■ WHAT YOU WILL DO
In the entries below, find the line with "In the last" and the line with "Hi. I'm Max"; give again those lines and every line between them, exactly.

■ MATERIAL FOR THIS TASK
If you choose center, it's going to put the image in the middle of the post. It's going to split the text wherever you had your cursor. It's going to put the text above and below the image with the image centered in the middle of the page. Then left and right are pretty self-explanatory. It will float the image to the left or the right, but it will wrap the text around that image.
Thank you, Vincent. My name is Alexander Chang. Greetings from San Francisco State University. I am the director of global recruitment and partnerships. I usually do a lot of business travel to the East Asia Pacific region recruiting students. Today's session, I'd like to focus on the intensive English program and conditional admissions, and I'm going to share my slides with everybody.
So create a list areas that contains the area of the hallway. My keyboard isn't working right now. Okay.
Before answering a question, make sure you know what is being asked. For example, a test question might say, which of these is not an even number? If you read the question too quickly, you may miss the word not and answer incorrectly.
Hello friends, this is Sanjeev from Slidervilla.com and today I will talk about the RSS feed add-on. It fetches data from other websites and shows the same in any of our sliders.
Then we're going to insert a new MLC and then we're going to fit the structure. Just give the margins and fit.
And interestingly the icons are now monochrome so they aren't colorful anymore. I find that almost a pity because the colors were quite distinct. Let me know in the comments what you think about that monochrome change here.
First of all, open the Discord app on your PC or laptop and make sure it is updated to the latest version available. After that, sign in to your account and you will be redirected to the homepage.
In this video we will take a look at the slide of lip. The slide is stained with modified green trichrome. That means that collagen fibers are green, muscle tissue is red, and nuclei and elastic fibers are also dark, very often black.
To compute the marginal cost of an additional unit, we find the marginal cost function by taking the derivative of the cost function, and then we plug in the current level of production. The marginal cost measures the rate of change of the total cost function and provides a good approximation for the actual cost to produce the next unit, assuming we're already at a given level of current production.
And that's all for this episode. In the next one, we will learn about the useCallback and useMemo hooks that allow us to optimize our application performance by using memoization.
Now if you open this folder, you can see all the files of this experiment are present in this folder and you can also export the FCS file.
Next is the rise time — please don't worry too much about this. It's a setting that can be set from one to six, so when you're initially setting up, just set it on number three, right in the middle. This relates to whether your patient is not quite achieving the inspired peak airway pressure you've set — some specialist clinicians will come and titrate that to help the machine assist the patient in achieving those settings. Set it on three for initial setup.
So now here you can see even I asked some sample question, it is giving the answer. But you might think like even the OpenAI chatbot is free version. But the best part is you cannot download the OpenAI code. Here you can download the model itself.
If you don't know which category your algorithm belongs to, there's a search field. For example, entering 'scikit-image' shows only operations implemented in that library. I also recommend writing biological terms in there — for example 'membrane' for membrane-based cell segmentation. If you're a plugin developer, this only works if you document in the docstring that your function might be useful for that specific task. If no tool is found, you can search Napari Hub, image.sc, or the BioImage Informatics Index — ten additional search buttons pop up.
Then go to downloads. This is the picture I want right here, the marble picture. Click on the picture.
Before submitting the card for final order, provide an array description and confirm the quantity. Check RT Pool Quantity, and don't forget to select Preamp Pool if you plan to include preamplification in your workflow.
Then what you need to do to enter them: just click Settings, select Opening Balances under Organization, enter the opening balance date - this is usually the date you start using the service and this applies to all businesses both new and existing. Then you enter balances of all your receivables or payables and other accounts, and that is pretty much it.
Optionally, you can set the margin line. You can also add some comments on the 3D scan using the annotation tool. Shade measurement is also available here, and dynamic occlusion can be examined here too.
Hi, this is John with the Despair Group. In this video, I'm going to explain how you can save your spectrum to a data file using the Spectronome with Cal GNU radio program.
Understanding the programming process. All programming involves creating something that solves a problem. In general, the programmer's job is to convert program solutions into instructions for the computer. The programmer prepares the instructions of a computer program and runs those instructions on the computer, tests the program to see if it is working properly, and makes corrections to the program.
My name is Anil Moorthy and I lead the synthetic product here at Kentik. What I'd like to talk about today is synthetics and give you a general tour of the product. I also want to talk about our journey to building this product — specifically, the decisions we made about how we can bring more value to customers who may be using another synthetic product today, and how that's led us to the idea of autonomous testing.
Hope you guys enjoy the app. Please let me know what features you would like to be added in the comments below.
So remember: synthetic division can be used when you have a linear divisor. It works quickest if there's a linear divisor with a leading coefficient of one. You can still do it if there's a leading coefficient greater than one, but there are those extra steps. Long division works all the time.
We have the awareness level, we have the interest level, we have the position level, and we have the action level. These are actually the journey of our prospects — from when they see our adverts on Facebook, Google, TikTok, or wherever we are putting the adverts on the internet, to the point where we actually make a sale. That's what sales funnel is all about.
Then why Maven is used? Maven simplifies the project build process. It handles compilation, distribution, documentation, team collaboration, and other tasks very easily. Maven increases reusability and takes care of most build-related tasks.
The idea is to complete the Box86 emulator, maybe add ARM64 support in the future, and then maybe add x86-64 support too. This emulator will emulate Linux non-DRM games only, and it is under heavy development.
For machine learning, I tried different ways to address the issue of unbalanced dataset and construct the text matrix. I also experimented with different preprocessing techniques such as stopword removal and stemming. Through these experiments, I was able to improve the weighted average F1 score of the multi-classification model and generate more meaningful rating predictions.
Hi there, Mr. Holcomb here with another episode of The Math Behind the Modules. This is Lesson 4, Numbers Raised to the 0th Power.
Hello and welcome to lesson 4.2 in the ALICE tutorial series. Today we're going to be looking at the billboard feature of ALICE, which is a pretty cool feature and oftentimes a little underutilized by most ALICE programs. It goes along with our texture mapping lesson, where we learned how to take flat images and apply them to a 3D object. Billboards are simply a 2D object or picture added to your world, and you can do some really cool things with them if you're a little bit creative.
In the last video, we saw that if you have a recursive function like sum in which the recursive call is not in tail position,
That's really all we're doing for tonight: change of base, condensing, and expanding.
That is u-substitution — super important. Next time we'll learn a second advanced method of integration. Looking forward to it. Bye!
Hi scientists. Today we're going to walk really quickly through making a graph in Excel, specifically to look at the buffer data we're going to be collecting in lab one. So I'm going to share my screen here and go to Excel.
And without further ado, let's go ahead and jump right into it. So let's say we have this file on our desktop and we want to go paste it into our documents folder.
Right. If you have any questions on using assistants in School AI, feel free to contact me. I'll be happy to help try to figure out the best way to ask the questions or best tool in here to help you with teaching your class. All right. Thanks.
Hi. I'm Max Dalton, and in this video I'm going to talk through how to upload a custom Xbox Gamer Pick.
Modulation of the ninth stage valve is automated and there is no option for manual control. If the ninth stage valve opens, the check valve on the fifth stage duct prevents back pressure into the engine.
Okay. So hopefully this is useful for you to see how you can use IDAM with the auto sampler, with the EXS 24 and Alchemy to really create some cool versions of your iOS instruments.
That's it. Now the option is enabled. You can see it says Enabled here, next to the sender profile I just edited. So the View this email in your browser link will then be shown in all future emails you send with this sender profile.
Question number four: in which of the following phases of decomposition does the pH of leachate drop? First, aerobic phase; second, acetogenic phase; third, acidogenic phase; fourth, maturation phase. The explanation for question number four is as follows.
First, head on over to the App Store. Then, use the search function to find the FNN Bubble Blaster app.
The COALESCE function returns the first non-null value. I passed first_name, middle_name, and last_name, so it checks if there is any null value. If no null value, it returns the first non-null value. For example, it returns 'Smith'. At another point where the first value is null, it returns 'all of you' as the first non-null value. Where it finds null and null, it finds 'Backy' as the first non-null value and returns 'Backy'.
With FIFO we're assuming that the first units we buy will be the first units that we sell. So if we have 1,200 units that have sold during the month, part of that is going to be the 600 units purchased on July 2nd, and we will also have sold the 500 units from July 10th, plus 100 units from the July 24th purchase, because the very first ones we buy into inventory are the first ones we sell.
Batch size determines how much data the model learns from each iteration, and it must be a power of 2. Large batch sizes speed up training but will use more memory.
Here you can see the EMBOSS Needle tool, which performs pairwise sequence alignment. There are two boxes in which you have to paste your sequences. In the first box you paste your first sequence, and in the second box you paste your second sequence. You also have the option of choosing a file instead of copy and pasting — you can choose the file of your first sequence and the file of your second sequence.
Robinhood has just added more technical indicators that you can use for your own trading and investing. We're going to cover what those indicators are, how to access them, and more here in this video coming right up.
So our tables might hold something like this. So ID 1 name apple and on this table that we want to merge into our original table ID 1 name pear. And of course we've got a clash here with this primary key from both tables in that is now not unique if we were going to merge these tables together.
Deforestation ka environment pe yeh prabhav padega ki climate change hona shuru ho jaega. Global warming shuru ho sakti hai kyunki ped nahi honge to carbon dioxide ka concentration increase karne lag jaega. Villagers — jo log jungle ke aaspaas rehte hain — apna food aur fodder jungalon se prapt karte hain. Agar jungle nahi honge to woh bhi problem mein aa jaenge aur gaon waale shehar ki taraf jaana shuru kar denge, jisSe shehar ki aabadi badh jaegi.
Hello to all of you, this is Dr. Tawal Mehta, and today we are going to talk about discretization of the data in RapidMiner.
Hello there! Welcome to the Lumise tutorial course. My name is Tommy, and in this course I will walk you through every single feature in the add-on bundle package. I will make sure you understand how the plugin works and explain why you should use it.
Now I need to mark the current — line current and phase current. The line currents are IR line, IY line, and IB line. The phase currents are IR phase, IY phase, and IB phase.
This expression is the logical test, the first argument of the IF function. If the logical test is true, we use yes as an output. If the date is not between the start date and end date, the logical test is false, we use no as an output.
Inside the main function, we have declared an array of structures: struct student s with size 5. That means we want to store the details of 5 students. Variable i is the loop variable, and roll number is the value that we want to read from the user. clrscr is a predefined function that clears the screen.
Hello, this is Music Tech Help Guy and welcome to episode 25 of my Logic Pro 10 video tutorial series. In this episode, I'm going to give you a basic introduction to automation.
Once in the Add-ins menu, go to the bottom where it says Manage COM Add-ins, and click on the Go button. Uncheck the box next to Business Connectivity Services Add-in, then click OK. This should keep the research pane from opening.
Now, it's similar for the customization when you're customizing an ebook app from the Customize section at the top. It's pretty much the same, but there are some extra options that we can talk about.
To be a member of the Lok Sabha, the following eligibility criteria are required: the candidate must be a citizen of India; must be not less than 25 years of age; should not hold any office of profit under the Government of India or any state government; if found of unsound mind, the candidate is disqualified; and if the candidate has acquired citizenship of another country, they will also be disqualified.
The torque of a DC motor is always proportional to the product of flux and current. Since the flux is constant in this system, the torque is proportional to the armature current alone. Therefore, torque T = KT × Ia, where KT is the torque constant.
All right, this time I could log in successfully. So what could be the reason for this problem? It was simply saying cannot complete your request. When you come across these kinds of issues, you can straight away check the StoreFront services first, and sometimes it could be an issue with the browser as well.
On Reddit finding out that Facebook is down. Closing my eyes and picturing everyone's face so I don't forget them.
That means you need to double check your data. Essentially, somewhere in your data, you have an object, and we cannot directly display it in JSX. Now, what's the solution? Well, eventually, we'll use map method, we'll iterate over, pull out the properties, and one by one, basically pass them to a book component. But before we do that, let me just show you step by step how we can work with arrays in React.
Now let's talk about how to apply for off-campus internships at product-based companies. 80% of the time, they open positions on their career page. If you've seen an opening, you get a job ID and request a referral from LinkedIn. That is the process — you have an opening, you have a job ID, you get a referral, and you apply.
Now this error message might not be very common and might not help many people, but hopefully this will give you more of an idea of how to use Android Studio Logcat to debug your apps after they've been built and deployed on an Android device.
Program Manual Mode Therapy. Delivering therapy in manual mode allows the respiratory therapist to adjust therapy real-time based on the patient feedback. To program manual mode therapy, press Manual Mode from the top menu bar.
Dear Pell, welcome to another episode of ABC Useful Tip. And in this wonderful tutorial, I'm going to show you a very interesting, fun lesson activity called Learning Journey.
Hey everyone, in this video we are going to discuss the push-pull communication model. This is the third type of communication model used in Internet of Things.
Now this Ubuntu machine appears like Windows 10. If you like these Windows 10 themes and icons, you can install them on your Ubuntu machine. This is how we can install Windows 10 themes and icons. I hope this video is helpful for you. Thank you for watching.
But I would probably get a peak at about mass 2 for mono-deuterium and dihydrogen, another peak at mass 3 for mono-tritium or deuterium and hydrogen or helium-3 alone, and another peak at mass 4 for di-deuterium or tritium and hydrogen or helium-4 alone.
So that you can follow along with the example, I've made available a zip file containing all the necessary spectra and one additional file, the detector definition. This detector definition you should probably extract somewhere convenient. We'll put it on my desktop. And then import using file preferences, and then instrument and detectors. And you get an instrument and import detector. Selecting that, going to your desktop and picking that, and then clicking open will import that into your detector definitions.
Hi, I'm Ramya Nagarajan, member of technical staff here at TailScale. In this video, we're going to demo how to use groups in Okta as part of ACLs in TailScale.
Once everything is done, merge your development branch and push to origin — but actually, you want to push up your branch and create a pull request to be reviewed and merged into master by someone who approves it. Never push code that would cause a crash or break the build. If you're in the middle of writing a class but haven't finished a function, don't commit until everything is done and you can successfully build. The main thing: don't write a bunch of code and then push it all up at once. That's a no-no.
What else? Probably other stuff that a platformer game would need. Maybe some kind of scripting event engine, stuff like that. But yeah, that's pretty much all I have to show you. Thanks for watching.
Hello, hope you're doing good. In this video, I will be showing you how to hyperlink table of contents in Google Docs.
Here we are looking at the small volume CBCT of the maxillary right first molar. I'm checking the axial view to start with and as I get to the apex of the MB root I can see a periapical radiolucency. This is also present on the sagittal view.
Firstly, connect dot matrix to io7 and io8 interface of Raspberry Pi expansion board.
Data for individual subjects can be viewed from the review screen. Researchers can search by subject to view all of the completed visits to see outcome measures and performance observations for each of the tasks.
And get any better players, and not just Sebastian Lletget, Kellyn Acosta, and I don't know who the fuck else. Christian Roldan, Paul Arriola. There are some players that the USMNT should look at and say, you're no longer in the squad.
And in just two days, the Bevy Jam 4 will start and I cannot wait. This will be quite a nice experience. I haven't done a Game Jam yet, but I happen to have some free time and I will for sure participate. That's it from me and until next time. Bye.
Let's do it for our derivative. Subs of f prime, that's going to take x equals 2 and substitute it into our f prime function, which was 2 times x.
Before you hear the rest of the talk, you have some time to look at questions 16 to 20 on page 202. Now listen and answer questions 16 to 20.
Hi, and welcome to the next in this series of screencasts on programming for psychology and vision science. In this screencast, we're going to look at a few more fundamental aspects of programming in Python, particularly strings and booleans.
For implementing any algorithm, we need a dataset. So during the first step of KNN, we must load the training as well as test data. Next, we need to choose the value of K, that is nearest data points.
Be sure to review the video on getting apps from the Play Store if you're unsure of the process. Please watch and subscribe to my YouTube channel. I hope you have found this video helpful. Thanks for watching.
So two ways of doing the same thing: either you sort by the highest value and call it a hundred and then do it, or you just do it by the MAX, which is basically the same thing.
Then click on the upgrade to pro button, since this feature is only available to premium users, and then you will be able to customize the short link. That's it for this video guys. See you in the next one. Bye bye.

■ WRITTEN ANSWER
In the last video, we saw that if you have a recursive function like sum in which the recursive call is not in tail position,
That's really all we're doing for tonight: change of base, condensing, and expanding.
That is u-substitution — super important. Next time we'll learn a second advanced method of integration. Looking forward to it. Bye!
Hi scientists. Today we're going to walk really quickly through making a graph in Excel, specifically to look at the buffer data we're going to be collecting in lab one. So I'm going to share my screen here and go to Excel.
And without further ado, let's go ahead and jump right into it. So let's say we have this file on our desktop and we want to go paste it into our documents folder.
Right. If you have any questions on using assistants in School AI, feel free to contact me. I'll be happy to help try to figure out the best way to ask the questions or best tool in here to help you with teaching your class. All right. Thanks.
Hi. I'm Max Dalton, and in this video I'm going to talk through how to upload a custom Xbox Gamer Pick.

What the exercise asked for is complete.